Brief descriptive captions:
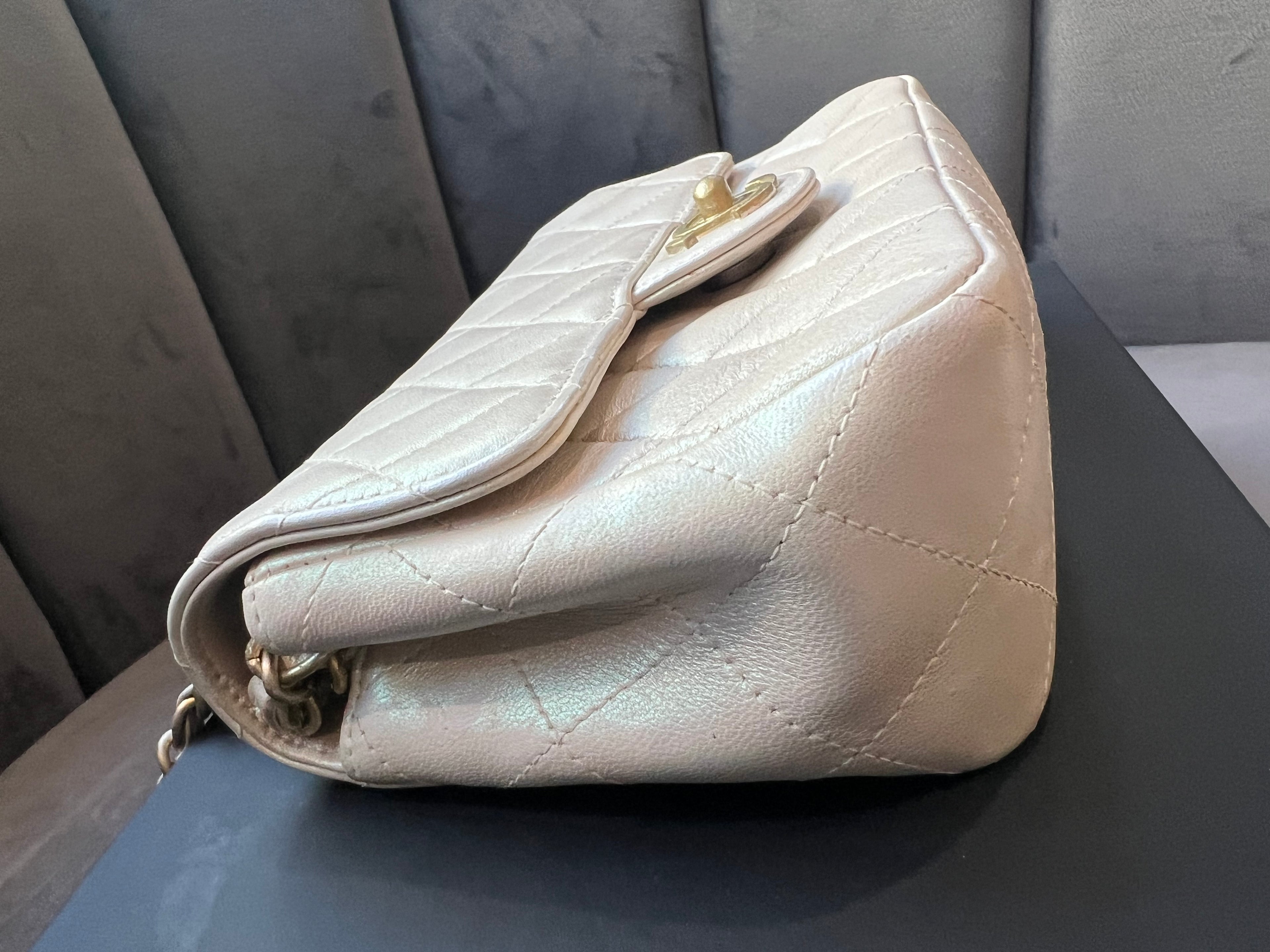 Chanel Mother of Pearl Mini Flap Bag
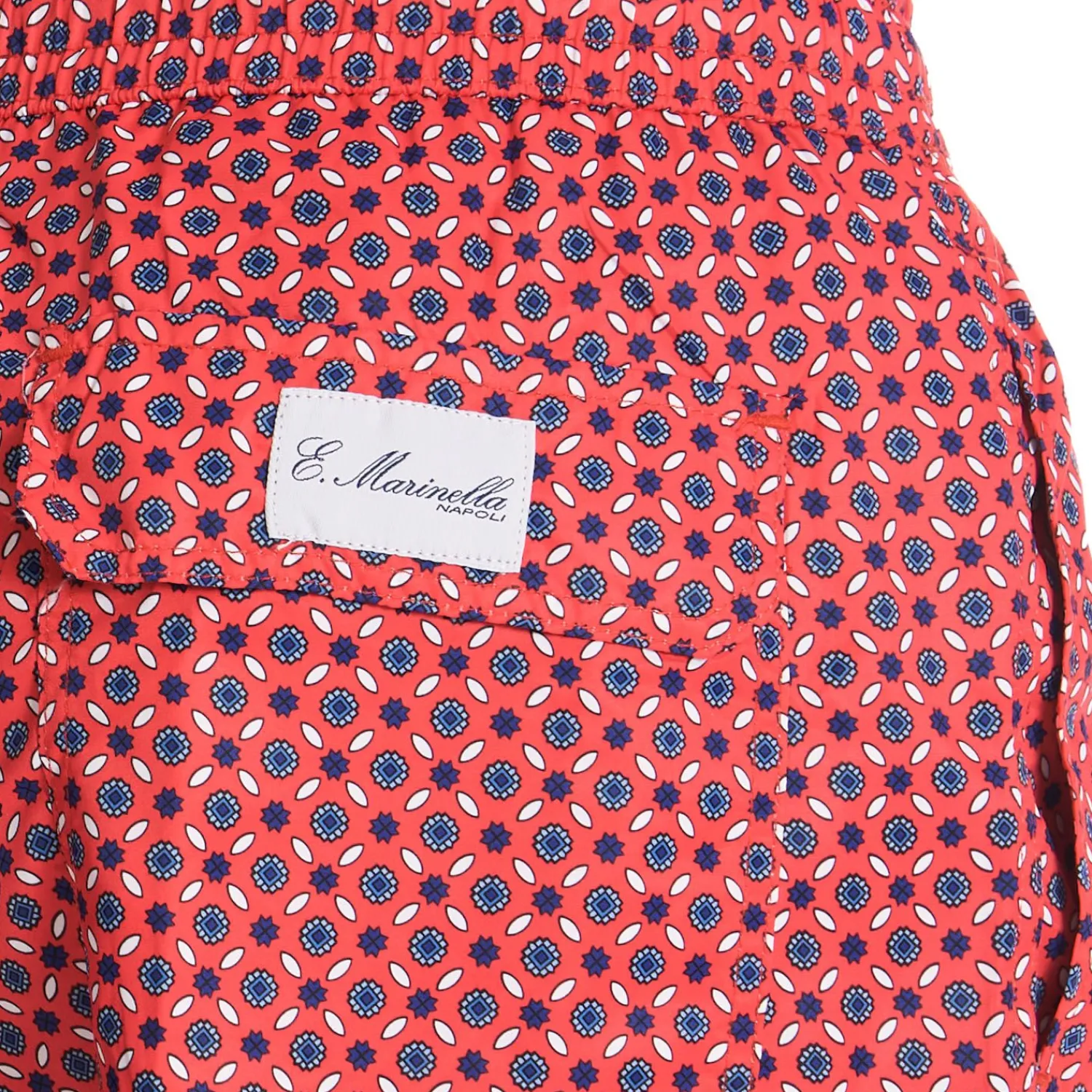 Red Swim Shorts- Large Patterns>E.Marinella Fashion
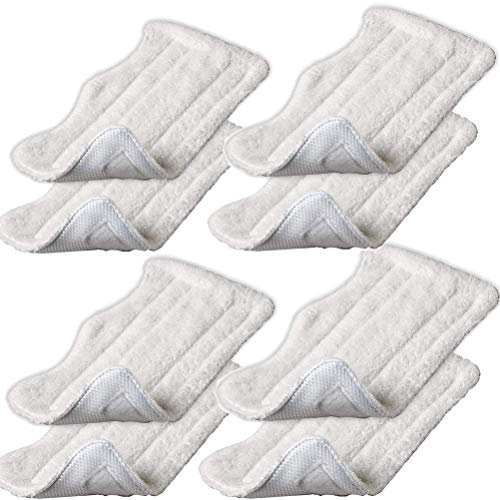 LIRR 8pcs Panni microfibra scopa a vapore Vapore pulitori Pad sostituzione durevole panno in microfibra Pad Cover per H2O Steam Mop S3111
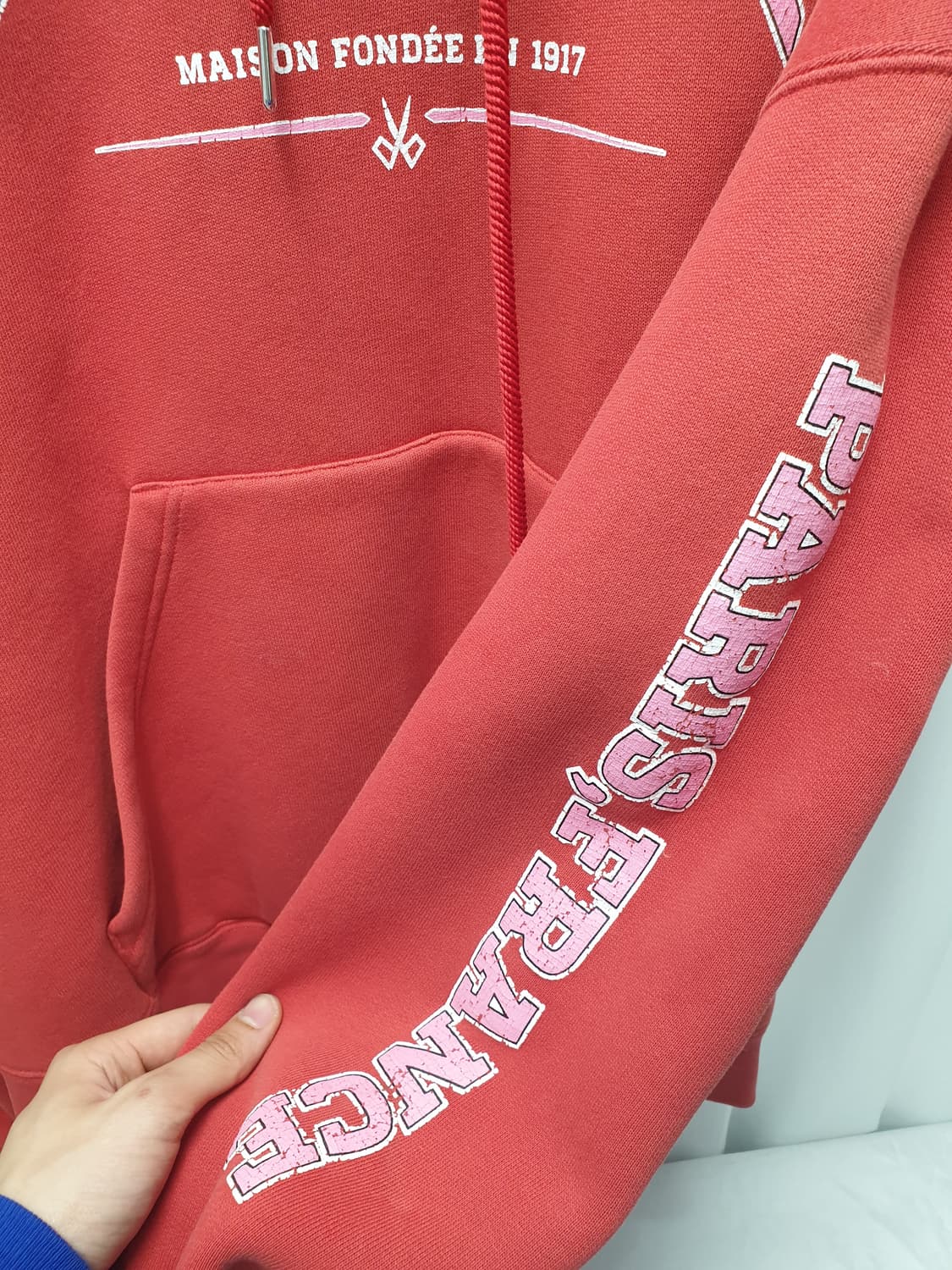 발렌시아가 레드 로고 후드티 2사이즈 상품이미지5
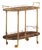 Aldo Tura Mid Century Italian Lacquered Goatskin and Brass Bar Cart For Sale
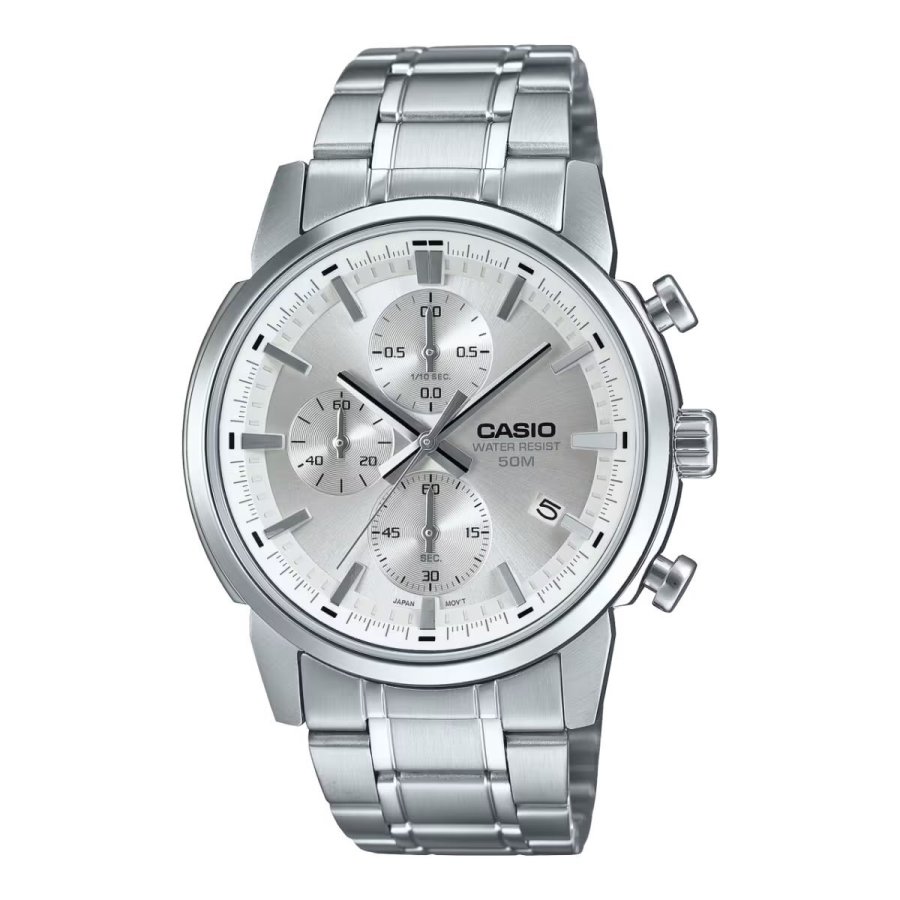 Herreur Casio MTP-E510D-7AVDF S�lvfarvet (� 42 mm) #1
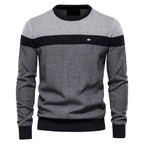 Spliced Cotton Men's Sweater Pi-Mart
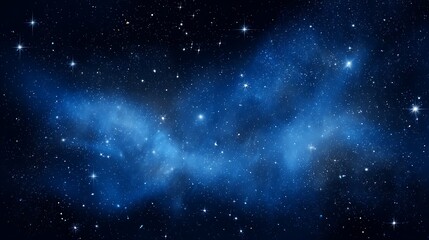 Obraz premium Serene expanse of ethereal cosmic beauty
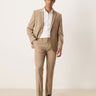 ASOS DESIGN washable slim suit trousers with lightweight worsted wool in beige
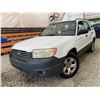 Image 1 : PARKSVILLE - 2007 SUBARU FORESTER WHITE 246044 KMS - B707792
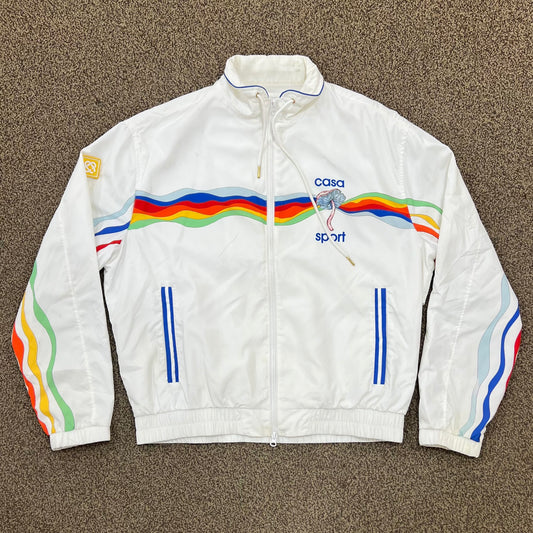 Casablanca Mind Vibrations Track Jacket and Shorts Set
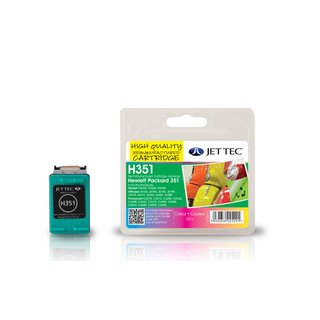 JETTEC Tinte 3 Color, Remanufactured zu HP CB337EE...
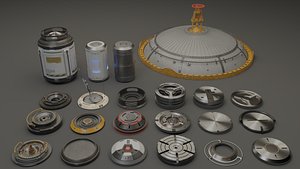 BlenderJunky Cylinders and Caps 2 3D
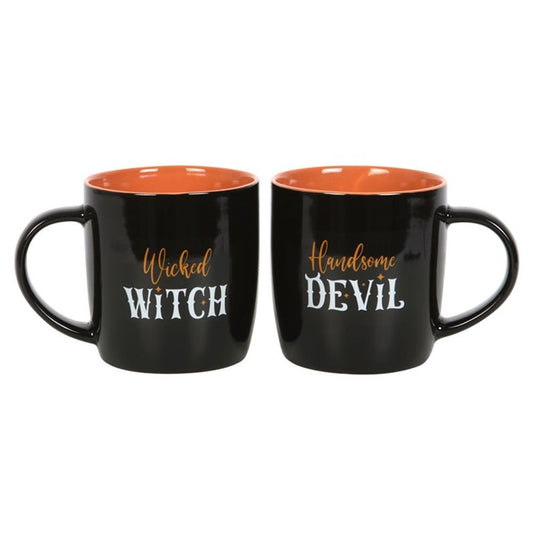 Wicked Witch and Handsome Devil Couples Mug Set - ScentiMelti  Wicked Witch and Handsome Devil Couples Mug Set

## [Problem requirements]
Your answer must be the lines from the opening line of the entries through the line holding "BlenderJunky Cylinders and Caps 2 3D", written out exactly and without any picture.

## [Solution to the problem]
 Chanel Mother of Pearl Mini Flap Bag
 Red Swim Shorts- Large Patterns>E.Marinella Fashion
 LIRR 8pcs Panni microfibra scopa a vapore Vapore pulitori Pad sostituzione durevole panno in microfibra Pad Cover per H2O Steam Mop S3111
 발렌시아가 레드 로고 후드티 2사이즈 상품이미지5
 Aldo Tura Mid Century Italian Lacquered Goatskin and Brass Bar Cart For Sale
 Herreur Casio MTP-E510D-7AVDF S�lvfarvet (� 42 mm) #1
 Spliced Cotton Men's Sweater Pi-Mart
 Obraz premium Serene expanse of ethereal cosmic beauty
 ASOS DESIGN washable slim suit trousers with lightweight worsted wool in beige
 Image 1 : PARKSVILLE - 2007 SUBARU FORESTER WHITE 246044 KMS - B707792
 Casablanca Mind Vibrations Track Jacket and Shorts Set
 JETTEC Tinte 3 Color, Remanufactured zu HP CB337EE...
 BlenderJunky Cylinders and Caps 2 3D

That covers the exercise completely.